In the self-serve economy, where more things are becoming service-related, businesses are seeking to give customers more direct control, meaning customer/merchant interactions are heavily emphasized. Subscription models are contributing to this by allowing customers to set the parameters of their relationships. Portals are a vital part of achieving effective self-service capability objectives, knitting together the customer and business needs, and helping to increase conversion rates as a result.

In this article, we explore the opportunities and values created through the use of customer portals and the actions that are needed to create an optimized experience.


 

Customer portals and subscription businesses 

In the context of subscription-based businesses, a customer portal is a place where businesses allow customers to view their subscription plan, make payments or download invoices. However, with the right solution, there’s so much more to offer. For example, you can enable customers to manage licenses and amend their subscription plans by themselves, even when your business involves complex pricing models.

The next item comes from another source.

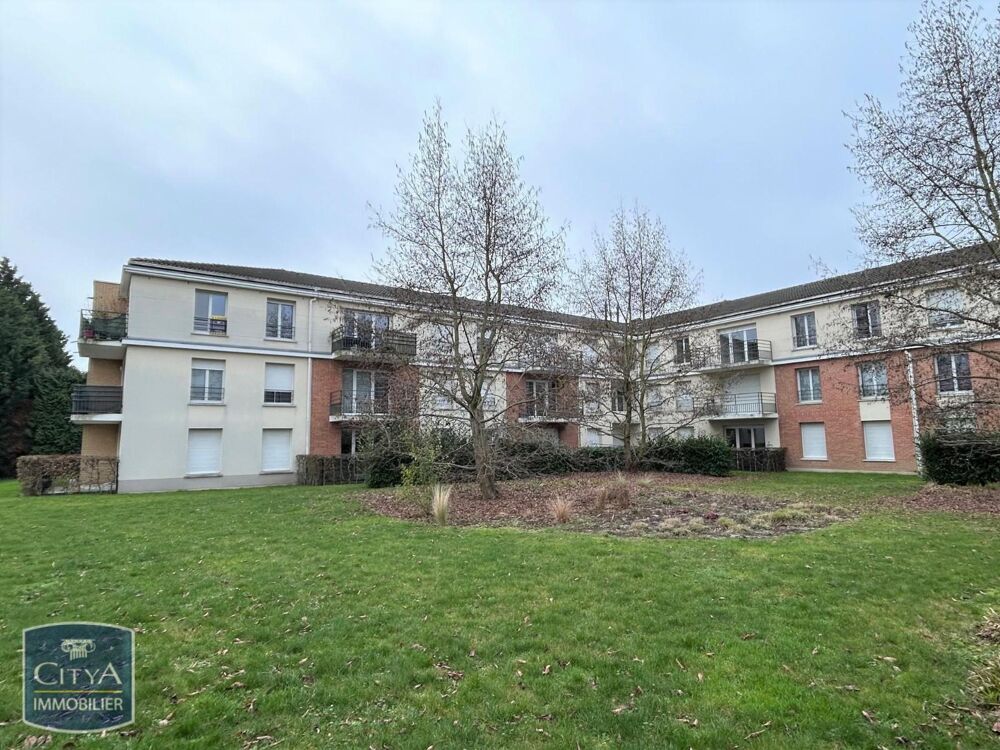 location Appartement - 2 pièce(s) - 45 m² Sequedin (59320)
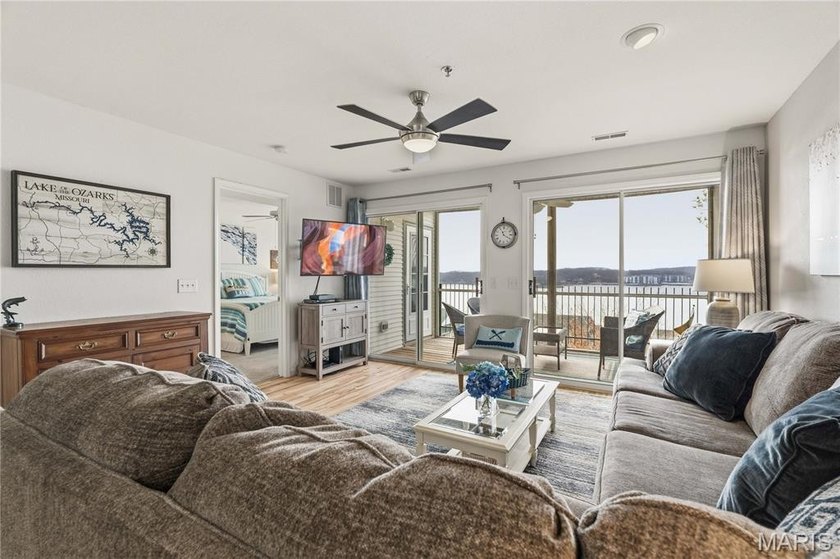 Enjoy stunning panoramic main channel views at The Hilltop of - photo 2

Forbes once wrote: “a well-designed user interface could raise your website's conversion rate by up to 200%.” More recently, Bank of America showed a customer increase of 45% after launching a new UX for their online banking enrolment process, complete with an online customer portal to perform banking-related tasks. It’s all about placing the customer first with a view to resilient and sustainable business. 

A good user experience is proven to increase the adoption rate of a product or service, as well as more successfully integrate your business offering into a customer's life. A dedicated portal takes that principle to the next level.

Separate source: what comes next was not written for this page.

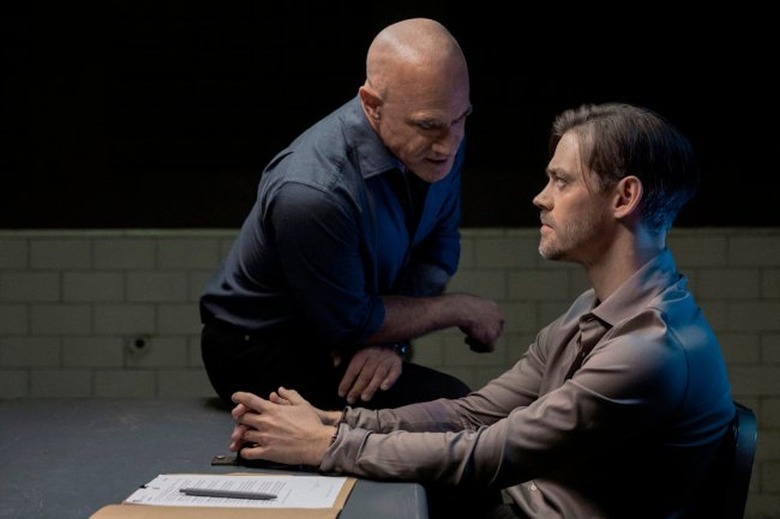 Law & Order: Organized Crime - Season 5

Ultimately, it should increase your sales conversion rate as well as facilitate customer retention, extending the customer lifetime and turning customers into advocates of your product, service and brand for further sales opportunities.

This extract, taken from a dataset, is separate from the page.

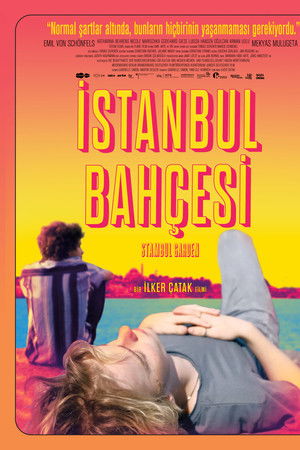 İstanbul Bahçesi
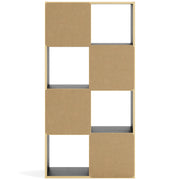 Langdrew Eight Cube Organizer - Lara FurnitureBookcases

In short, the service created by a well-constructed portal turns the question in customers’ minds from ‘why would I buy into this?’ to ‘why wouldn’t I?’. That positive experience also introduces you to warmer leads via recommendation.

Conversely, ignoring customer experience doesn’t just mean missing out on opportunities, but it can also have a negative impact, making the customer relationship vulnerable to competitive offerings. For example, it’s been reported that 90% of consumers switch to a competitor, and “customers switching companies due to poor service costs U.S. companies a total of $1.6 trillion."

 

 

The challenges and benefits of a customer portal

The challenges when it comes to creating an effective customer portal tend to be upfront and involve the set up of systems and processes as well as the mindset evolution of an organization. However, once these things are overcome, they are far outweighed by the benefits both in the short- and long-term and both for the customer and the organization.

 

Typical challenges to creating a customer portal

  • Development costs: 
    Creating a good customer portal does require upfront investment and it’s important to get it right. Intern
    al teams need to design concepts around the billing engine and existing enterprise systems for other up-and downstream operations, in order to enable automation. Working with a system that teams are not familiar with could be time-consuming and induces frustration when the systems are not flexible to achieve desired outcomes. However, if it’s done properly, it will not only mean less development costs down the line but also greater and more profitable opportunities thanks to improved conversion rates.

  • Adoption rates:
    It takes time and resources to encourage adoption rates amongst both staff and customers, particularly if you are switching from existing practices. However, by providing a great user interface and experience, it is easier to focus on communicating the benefits of the new initiative and the capacity for a streamlined and consistent customer experience is far higher.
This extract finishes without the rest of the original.